Obedecí. Cuando ya me iba
oí que decía:
—Esperá.
Me detuve.
—¿Por qué siempre me andás
mirando? —preguntó.
Sentí que me temblaban las rodillas y
aparté la vista. Me dije que no habría otra oportunidad como ésa y
me esforcé por construir una respuesta en un castellano decente, aunque
cuando la tuve lista ya era tarde.
—Vení —dijo Renata.
La seguí. Recorrimos el
pasillo y salimos, por la puerta del fondo, al jardín que tantas veces
había vislumbrado desde la calle. Aquello era como estar en un mundo
prohibido. Renata me guió entre una doble hilera de naranjos, hasta la
pared que separaba el terreno de la casa vecina.
—¿Sabés qué es? —preguntó
señalando con el dedo.
—Un rosal —contesté.
—Eso es lo que parece
—dijo.
Se mantuvo en silencio, pensativa,
durante unos minutos, y advertí que era más alta que yo. Después se acercó
más al rosal y me contó una historia:
—Mi bisabuela se llamaba
Renata, igual que yo. Mi bisabuelo viajaba y la dejaba mucho tiempo sola.
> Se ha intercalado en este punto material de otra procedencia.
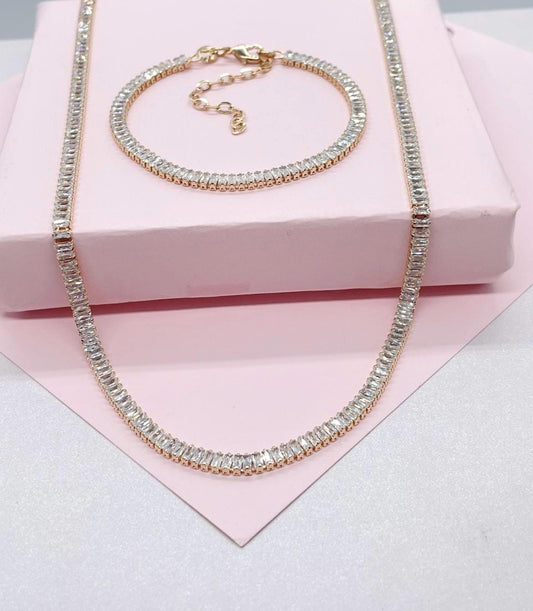 18k Gold Filled Baguette Cubic Zirconia Choker Necklace and Bracelet Set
Era una mujer bellísima. Se enamoró de un sobrino, quince años menor que
ella. Pero él la rechazó. Entonces lo mató y lo enterró acá, junto al
muro. A la semana notó que en este lugar había nacido un rosal. Tomó una
tijera y lo cortó. El rosal volvió a crecer. Lo cortó. Y así muchas
veces. Hasta que un día, mientras trataba de arrancarlo, se pinchó un dedo
con una espina y quedó embarazada. Cuando dio a luz vio que el chico era
el sobrino al que había asesinado. Pensó matarlo otra vez, pero finalmente
decidió criarlo. El chico no paraba nunca de mamar, jamás estaba
satisfecho. Acabó con su leche y comenzó a chuparle la sangre. Mi
bisabuela se fue debilitando y al tiempo murió.
Mientras hablaba, Renata no había dejado
de mirarme. Calló y oí el chillido de los pájaros.
—Dame la mano —dijo ella.
Estiré el brazo. Me arrastró suavemente,
acercó mi mano al rosal para que me pinchara con una espina.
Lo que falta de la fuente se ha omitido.